Rawls Mortuary is now closed for business, but the attorney general's office and other state agencies are investigating.
WRTV's Rachael Wilkerson exclusively spoke to the mother of the deceased who said this never should have happened.
"Why would anybody want to treat my daughter like this? She didn't deserve this. nobody deserves this," Vicki Stewart said.
A purple urn, pictures and four bears are all Vicki Stewart has left to remember her beloved daughter, 32-year-old Tymme Stewart-Dorris.
Tymme passed away on July 14 from a heart condition.
"My daughter was a vibrant person, and she would give her last shirt order collar, whatever, to a person to help," Stewart said.
Tymme was taken to Rawls Mortuary on Keystone Avenue to be embalmed and prepared for an open casket funeral.
Documents from the Attorney General's office show she was left for days without ever being embalmed.
"Her body was so deteriorated, so I had to do a direct cremation," Stewart said.
Stewart claims the funeral director, Benajmin Rawls, asked if her daughter could be cremated, so the family called Kirkland Funeral and Cremation Services for help.
Stewart, said she was advised that she had to file paperwork before her daughter could legally be cremated.
Tymme was then cremated.
The family contacted the state board.
Still, Stewart said friends and family didn't get to pay their respects to Tymme.

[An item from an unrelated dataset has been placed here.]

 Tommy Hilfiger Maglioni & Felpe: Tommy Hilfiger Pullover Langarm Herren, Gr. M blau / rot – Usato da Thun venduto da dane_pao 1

"I needed to see her. I needed to have closure," Stewart said. "Now, myself, her father, none of us can have closure. We have to remember they see her the last time. My grandchildren can't even see their mother for the last time. He took that away from us."
On July 19, the Indiana professional licensing agency inspected Rawls Mortuary. It failed and was deemed an immediate danger to public health and safety.
Rawls license has been suspended and the funeral home is now temporarily shut down.
Rawls was issued a funeral director license in November of 2013.
He was issued a funeral home license in November of 2019.
According to the Chicago Tribue, Rawls' was accused of hiding two infants in the ceiling at Smith, Bizzell, Warner and Sons Funeral Home in Gary, IN during an inspection by the Indiana Professional Licensing Agency in 2015.
After the Attorney General's Office filed two petitions to suspend Rawls' license, he agreed to a summary suspension of his license and of the funeral home’s license.
According to the terms of the voluntary summary suspension agreements, Benjamin Rawls and Rawls Mortuary will be suspended from practicing until October 6, the next date that the State Board of Funeral and Cemetery Service meets.
"It's comforting, comforting to know that for the next 90 days, he will not be able to practice or do this to anyone else," Stewart said. "But I'm going for the long suspension. I want his license revoked. I don't want this to happen to another family."
Services for other deceased individuals were scheduled this weekend at Rawls Mortuary, but an employee tells WRTV all loved ones have been removed and transferred to other funeral homes.